Pietersberg grootere uitgestrektheid hebben, ofschoon toch die te Valkenburg zich ook in verschillende richtingen uren ver uitstrekken, zoo is dit voor den bezoeker, die er immers slechts een klein gedeelte van te zien krijgt, van niet de minste beteekenis; en dan staat de Valkenburgsche berg in geenen deele bij dien van Maastricht achter.
Ook zou men zich zeer vergissen, wanneer men, dezen laatste kennende, mocht meenen het bezoek van den andere wel achterwege te kunnen laten. Integendeel, juist dàn is dit dubbel interessant, omdat men daar iets zal zien, dat, ofschoon in hoofdzaak hetzelfde, heel wat anders is en een geheel anderen indruk maakt.

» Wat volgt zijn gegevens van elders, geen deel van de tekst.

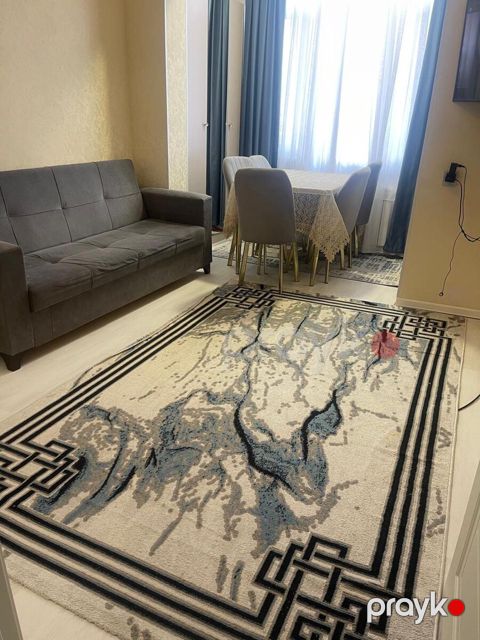 İcarəyə verilir 2 otaqlı köhnə tikili 51 m²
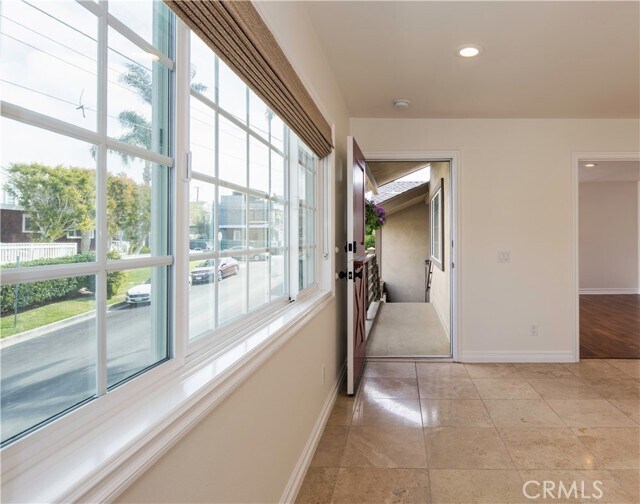 Foto del edificio - 521 Jasmine Ave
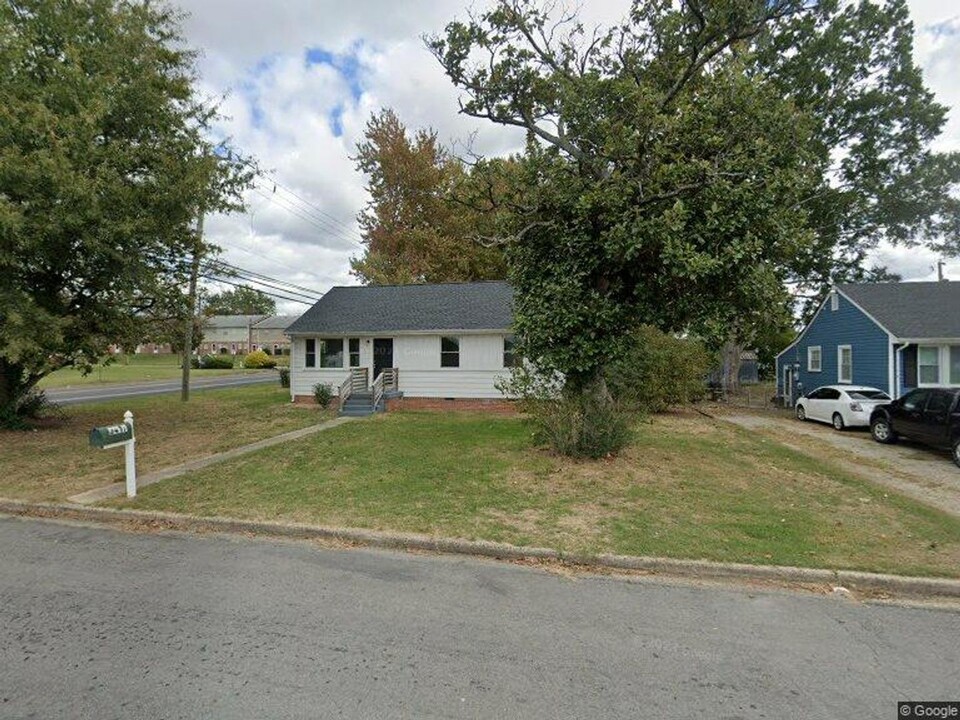 3417 Oxnard Rd in Richmond, VA - Building Photo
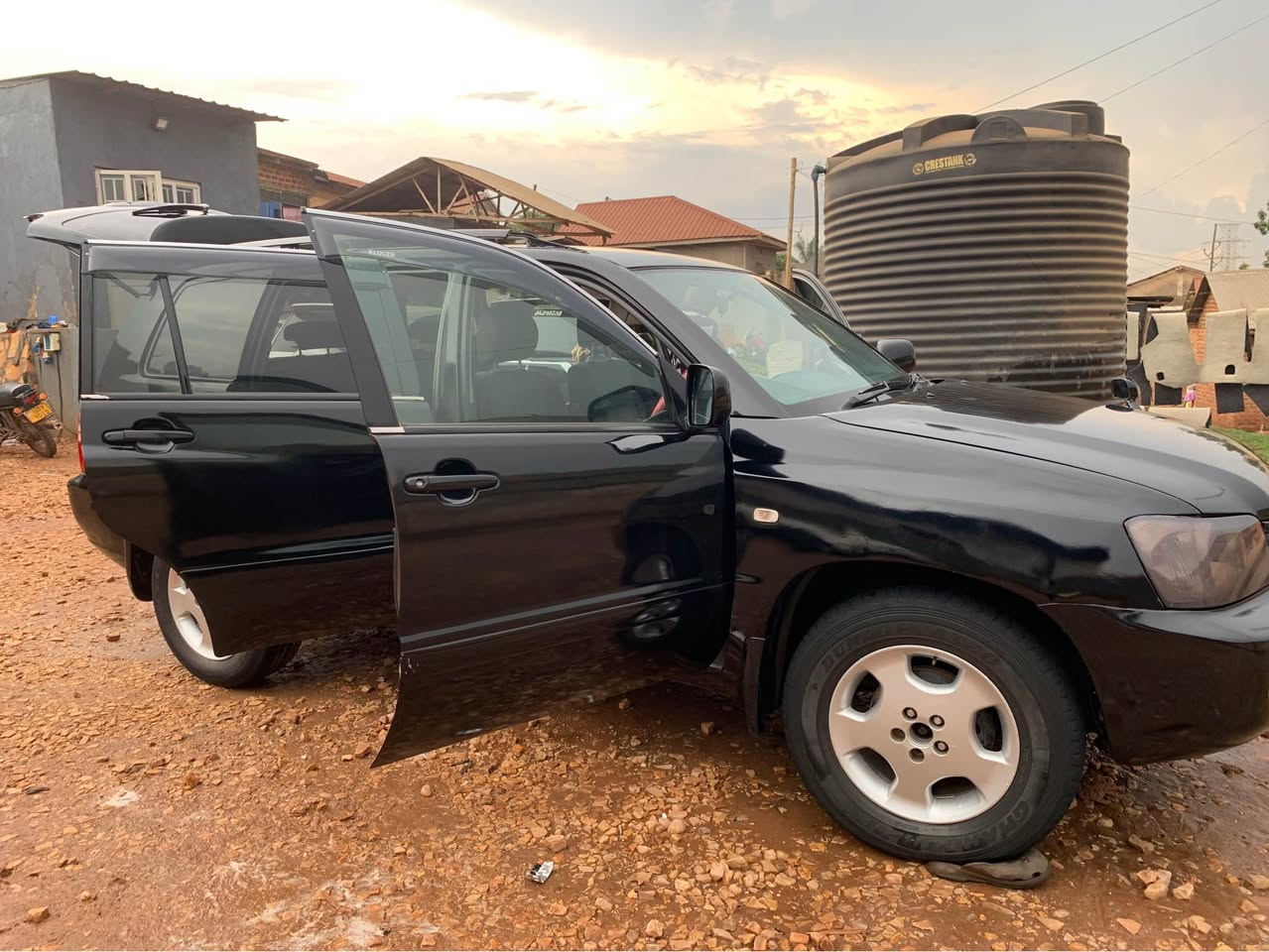 A picture of Toyota Kluger 2001 model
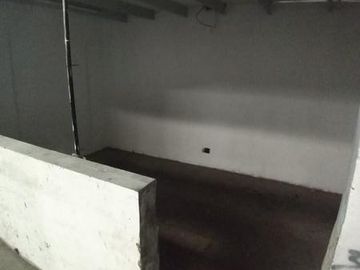 Local de 80 mt2   Galpón de 285 m² cubiertos c/ acceso vehicular – Av. H. Yrigoyen”.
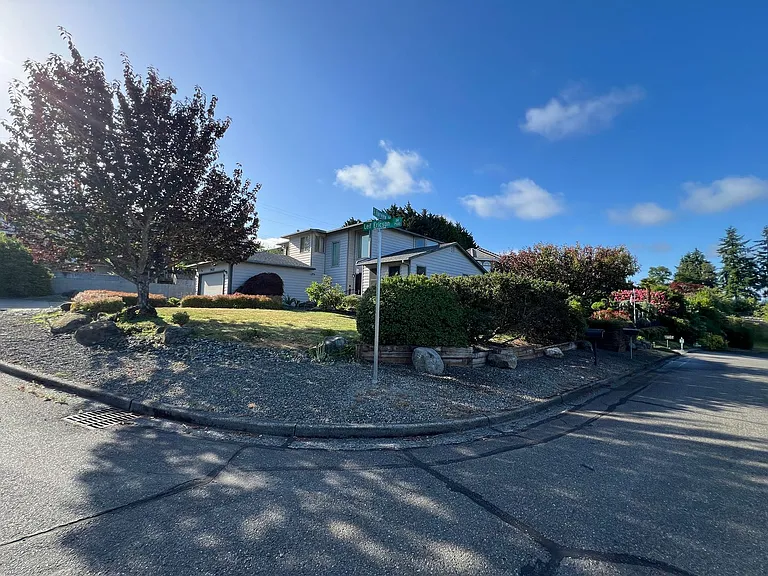 7512 Leif Ericson Dr — Photo 4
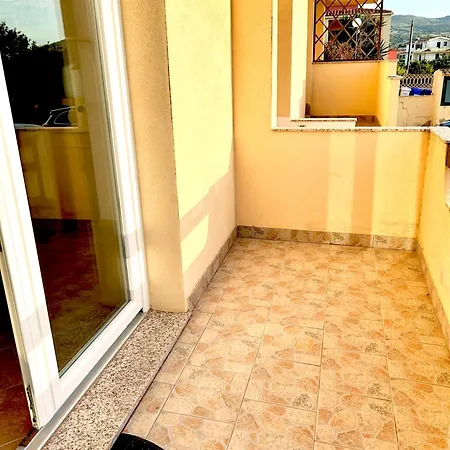 Eleonora Apartment *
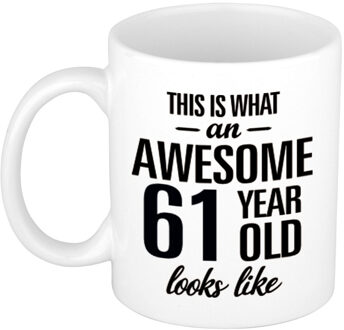 Bellatio Decorations This is what an awesome 61 year old looks like - cadeau koffiemok - 300 ml - verjaardag 61 jaar Wit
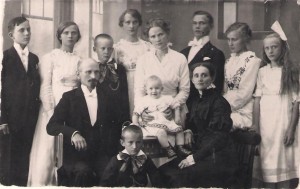 Familjen Albin o Jenny Larsson efter flytt till Götene, Sverige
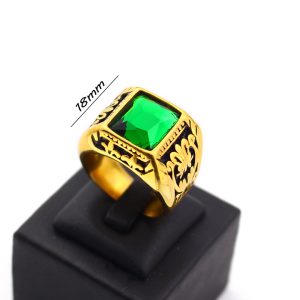 N528 Nhẫn nam titan mạ vàng đính đá màu xanh lá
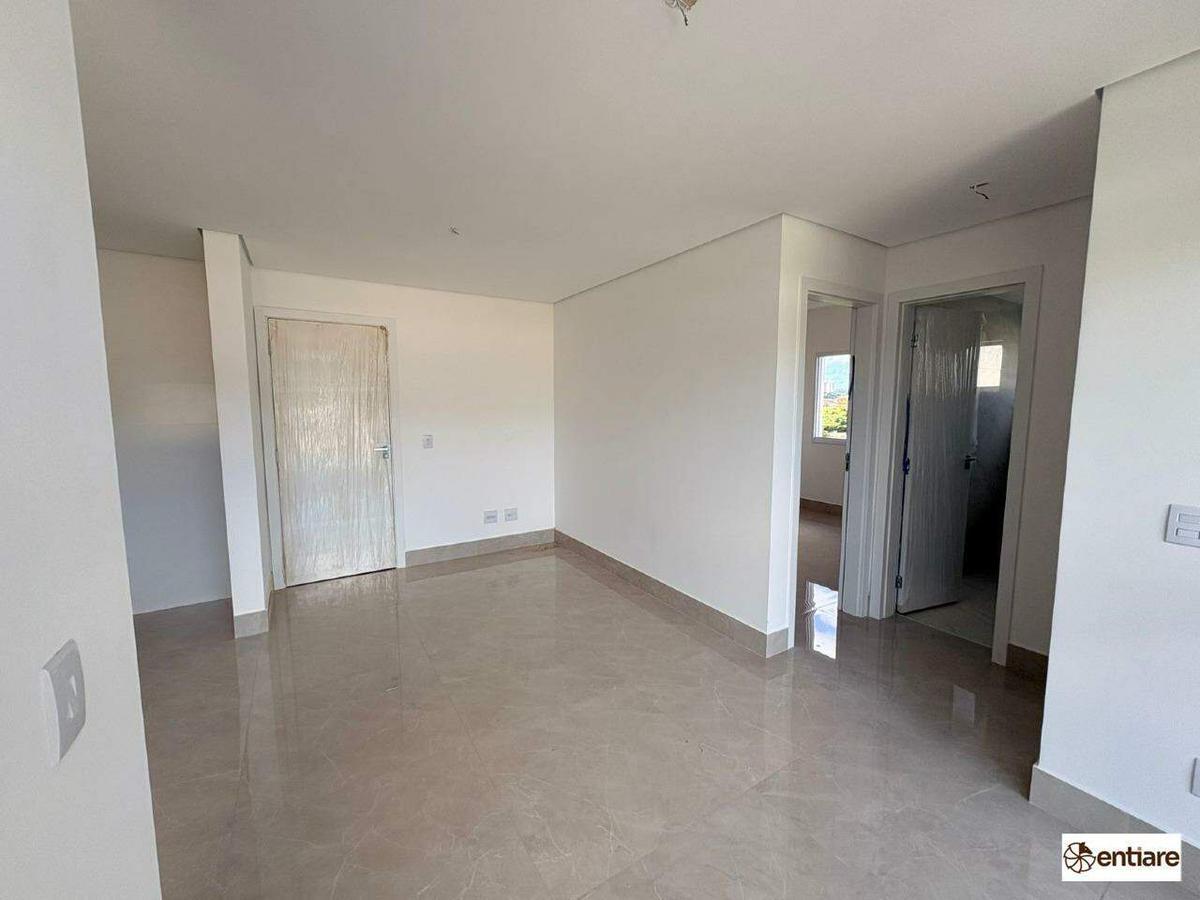Apartamento, Centro, 2 Quartos, 2 Vagas, 1 Suíte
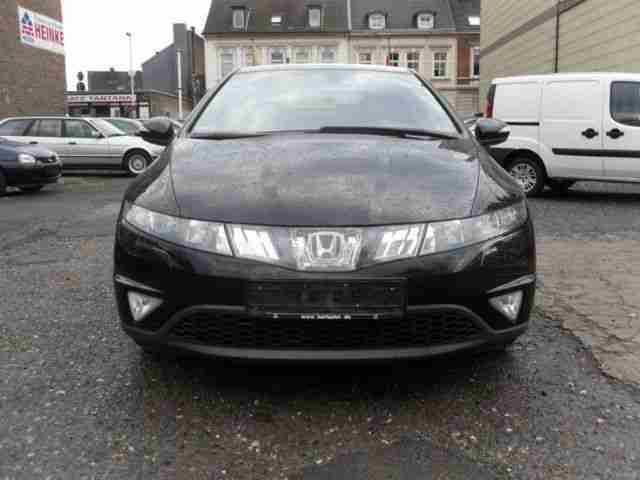 Honda Civic 1.8i-VTEC i-SHIFT Executive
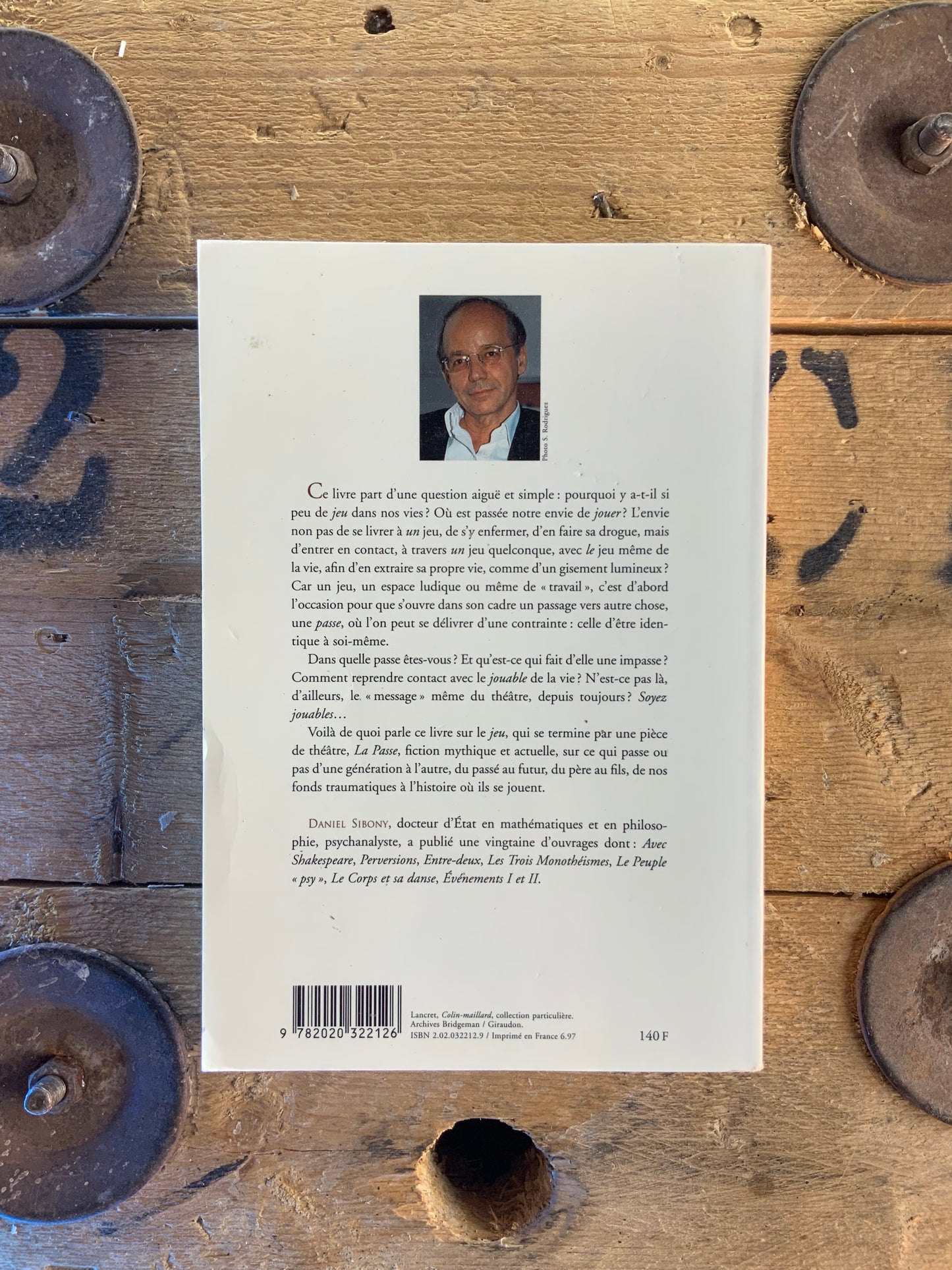 Le jeu et la passe : identité et théâtre - Daniel Sibony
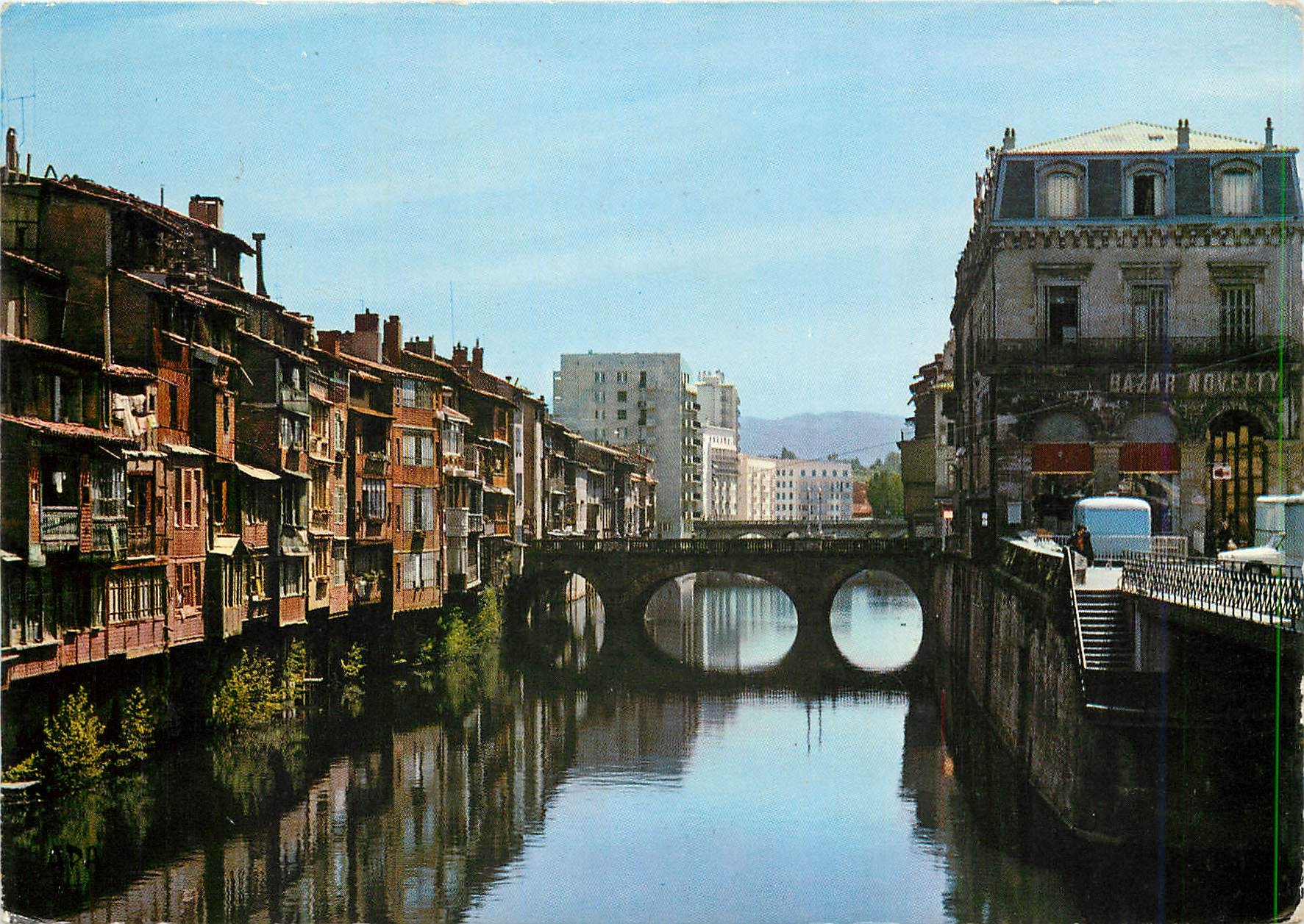 CPM Castres Tarn Vieilles Maisons au bord de l'Agout au soleil couchant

Het bezoek van den St. Pietersberg verveelt spoedig, omdat alle gangen er genoegzaam volkomen aan elkaar gelijk zijn; dat van den Valkenburgschen berg verveelt niet; integendeel, de belangstelling wordt grooter, naarmate men er langer in verwijlt. In de eerste komt men onder den indruk van het grootsche; al de gangen die men doorwandelt zijn breed en zeer hoog, terwijl die te Valkenburg op de meeste plaatsen maar juist breed genoeg zijn voor de zware wagens, waarmede de uitgezaagde steen naar buiten gebracht wordt, en op vele plaatsen zóó laag, dat men bij het doorgaan moet bukken, en men overal ruwe blokken steen en hoopen gruis ontmoet. Die onregelmatigheid, die mindere hoogte vooral geeft er iets veel meer geheimzinnigs aan. Waant men zich ginds bijna in een uitgestrekten tempel zonder vensters, hier gevoelt men zich diep onder den grond, men ziet het als het ware.